Every now and then, it's good to step out and see what the kids are smoking.

Apparently, these days, it smells like strawberries. I caught a big whiff of Glenwood South nightlife last Saturday evening when an old friend came to town and my gracious husband volunteered to babysit at the last minute. We found ourselves at Mosaic Wine et Lounge in Raleigh (517 W. Jones St., 829-5886,, where the aroma of fruit-scented hookah smoke filled the warm patio air. Gaggles of 20-something women in shoulder-baring tops snapped pictures of one another surrounded by fragrant white clouds while young men in T-shirts and jeans puffed the pipes and adopted contemplative poses.
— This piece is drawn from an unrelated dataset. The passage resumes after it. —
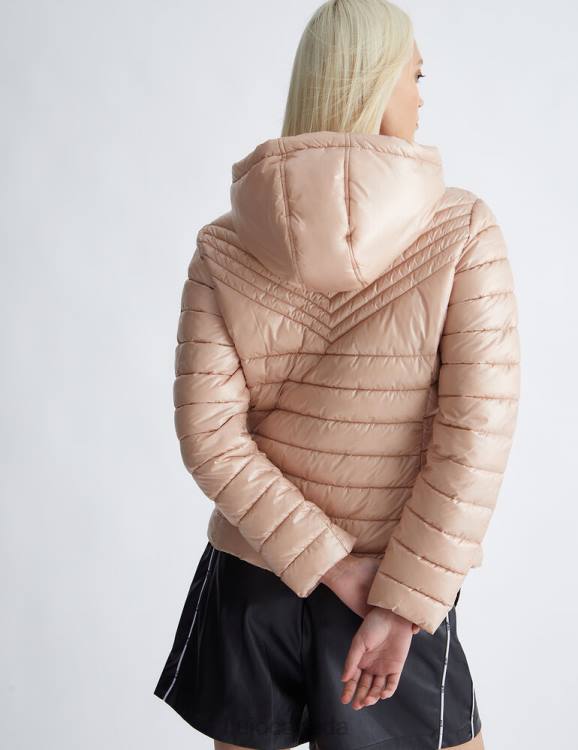 Clothing Liu Jo Eco-Friendly Padded Jacket Women F606214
At this point in my life, hitting a hookah that smells like lip gloss seems slightly silly, so we skipped it and ordered a bottle of Santola vinho verde, one of my favorite warm weather wines. Because my 4-year-old prefers quiet weekend nights at home, it had been years since I had been in a bar at 10 p.m. on a Saturday, and I felt a little underdressed in my jeans and Target top. But I am still hip enough to order Portuguese wine, although I have to say that paying $32 for a bottle of it wasn't the coolest thing I've ever done. The Santola surprised my friend with its effervescence and green-apple tartness, but she warmed up to it after a few sips.
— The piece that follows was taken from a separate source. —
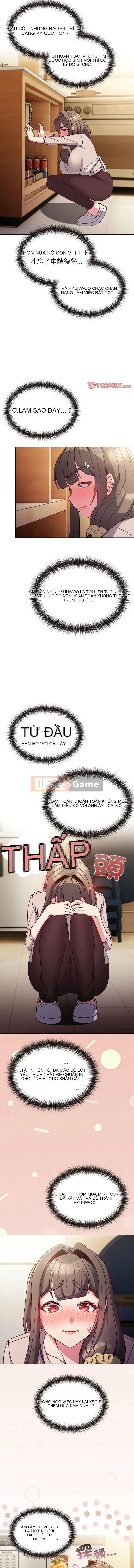Yêu cô ấy trong năm Chương 8-9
Vinho verde won me over a few summers ago when a friend brought a bottle of the slightly fizzy, citrus-tinged wine to a cookout at our house. Since then, the Portuguese favorite has become much more widely available in the Triangle and across the United States, as the Commission of the Viticulture of Vinho Verde, a Portuguese marketing group, has upped its promotional efforts.

"Vinho verde" translates to "green wine," and the name refers not to the color but the freshness. You're supposed to drink it while it's new and very cold. It's also supposed to be pretty cheap. Winemakers traditionally use indigenous Portuguese grapes such as alvarinho, loureiro and trajadura to make vinho verde, and they top it off with a dose of CO2 to create tiny bubbles. It's a great wine for sipping on long, hot summer nights because it is light and bright with a fruity nose and a zingy finish. It also goes well with seafood.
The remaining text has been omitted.